Over the years, XML has become an important technology, because of its unrivalled ability to mark up content and make it more useful. Almost all modern development platforms now provide some kind of native support to read and parse XML documents. This includes ASP.NET, which comes with a handy XmlDocument() class to parse an XML document tree using the DOM.
Over the course of this article, I will give you a crash course in the XmlDocument() object, showing you how to create a tree representation of an XML document in memory and traverse it, and then use this knowledge to parse Builder.com's own RSS feed and save the items within it to a Microsoft SQL Server database.
Faster, higher, stronger
The XML file I'll be using throughout this tutorial is a list showing the number of Olympic medals—gold, silver and bronze—won by the athletes of the competing countries:
<country name="USA" rank="1">
<country name="China" rank="2">
<country name="Russia" rank="3">
<!— more countries here.. —>
Now, let's look at Listing A to see how to parse this file using the XmlDocument() object.
While this isn't exactly riveting reading, the output does give you an idea about the tree-like structure of the DOM (see Figure A).
Most of this tree generation happens through the XmlDocument() object, whose Load() method reads the contents of the XML file into memory.
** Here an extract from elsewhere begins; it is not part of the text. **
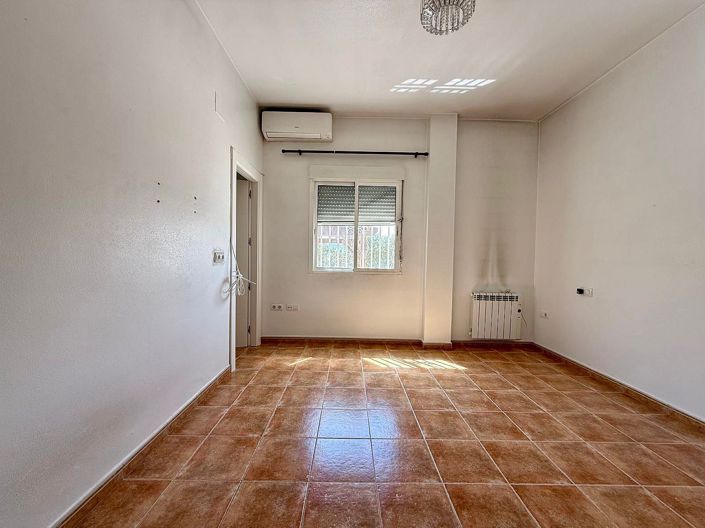 Image No.28-3 Bed Villa for sale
Once the file is loaded, the XmlDocument() object builds a DOM tree that begins with the "root element" (the main <countries> elements) and progresses hierarchically to its children.
To begin traversing the tree, it is necessary to first obtain a reference to the root element, through the "DocumentElement" property of the XmlDocument() object. This property returns the required reference in the form of an XmlElement() object, that in turn exposes properties containing information about the name and data stored by the node, and methods to access the next level of the tree.
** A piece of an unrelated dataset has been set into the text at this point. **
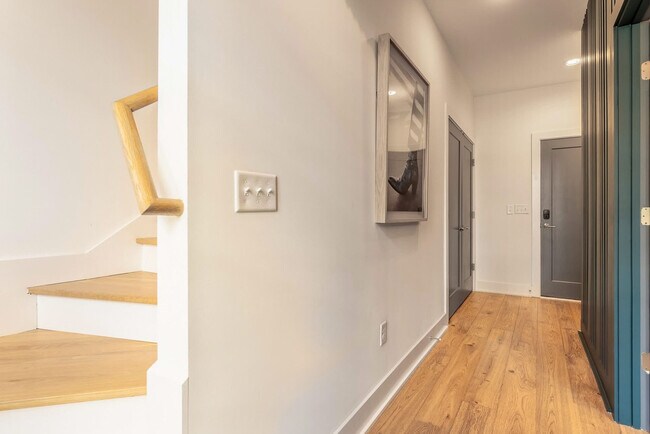 Building Photo - 87 Lucile St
Since each node exposes methods to get to the next level of the tree, a common way to traverse a DOM tree is write a function that runs recursively until all the nodes are processed. In the example above, this function is called ReadXmlFile(), and it accepts an XmlNode() object as input parameter. The "NodeType" property of this object is then used to determine the type of node—element, attribute, comment or text—and its name and contents are displayed. For attributes, the "Name" and "InnerText" properties of this XmlAttribute() object are used to obtain the name-value pair for each attribute; for character data, the "Value" property is used to obtain the text content of the node.
The "ChildNodes" property is then used to test if the node has children. If it does, an XmlNodeList() object is returned, and a for() loop is used to pass each child back to the custom ReadXmlFile() function for further processing. The integer variable "intLevel" monitors the current depth in the XML file as the recursion progresses. Recursion stops once the final element is reached and no further children exist.
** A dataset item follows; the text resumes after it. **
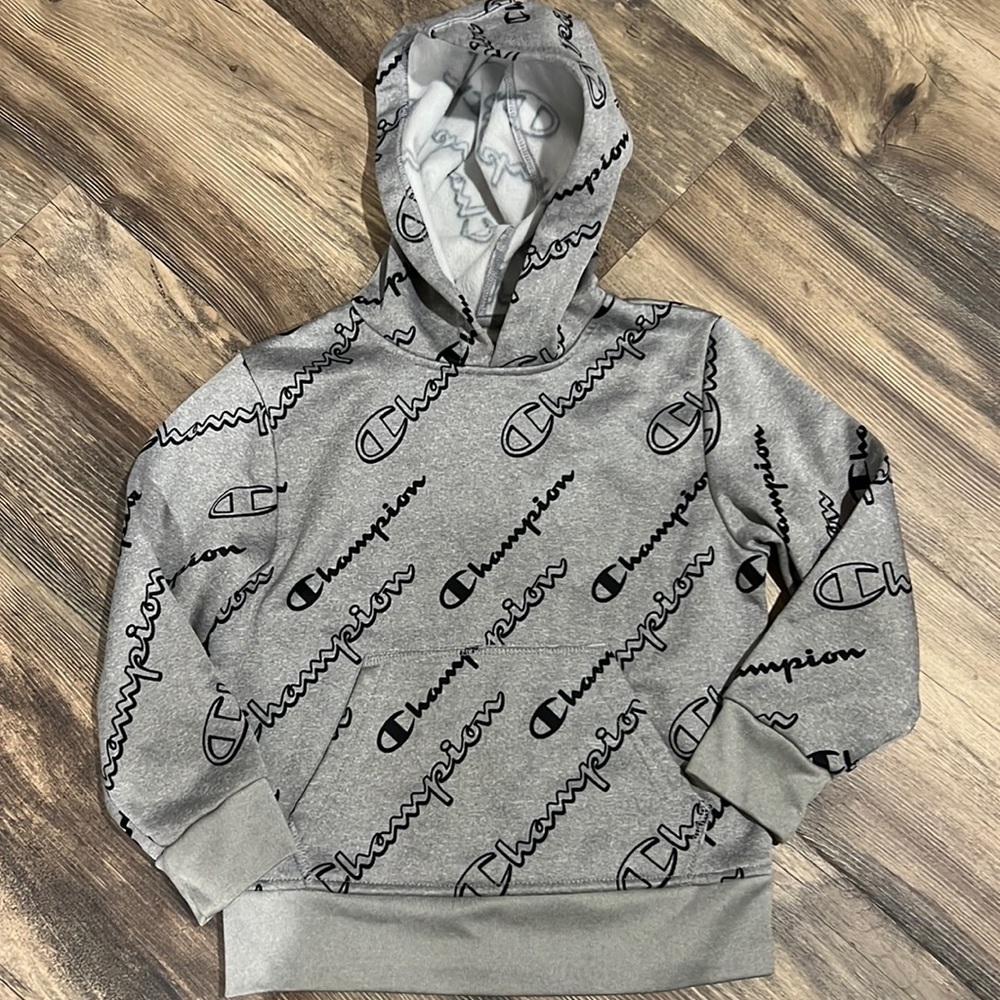 Boys Champion sweatshirt. Size 5/6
Builder.com on your Web site
The steps in the previous example make up a fairly standard process to traverse an XML document tree, from its root element to its closing element. Next, let's look at a more practical example. Consider Really Simple Syndication (RSS), which allows a Web master to propagate the content of his/her Web site using an XML "feed." With the ASP.NET XmlDocument() object, it becomes easy to write an RSS client to access such a feed and use the information inside it on your own Web site. This is precisely what the next example will demonstrate—how to use the XmlDocument() object to extract information from a remote RSS feed into a local database. Once it is in the database, it can be accessed for display or search purposes.
What I need now is a script that reads this RSS feed, parses it to extract the headlines, and converts the data inside it to INSERT statements suitable for use with MS-SQL. The code is in Listing C.
In this script, since I'm primarily interested in the headlines, my Page_Load() function doesn't waste time traversing each and every element. Instead, it uses the GetElementsByTagName() method of the XmlDocument() object to filter the tree down to only those elements named <item>, and their children. The return value is an XmlNodeList(), which is passed to the custom storeRSSFeed() function for further processing.
The storeRSSFeed() function first creates instances of the objects required for database access, and then iterates over the supplied XmlNodeList() collection to access each child. The "InnerText" property is used to populate the appropriate parameter of the SqlCommand() object, and the query is executed to save the information to the database.
A quick SELECT query on the "items" table using the SQL Query Analyzer tool confirms that the INSERT operation was a success, as shown in Figure B.
To see what else you can do with the XmlDocument()object, drop by the MSDN Library documentation page. And if RSS intrigues you, point your browser to the RSS 2.0 documentation page for detailed specifications and tutorials.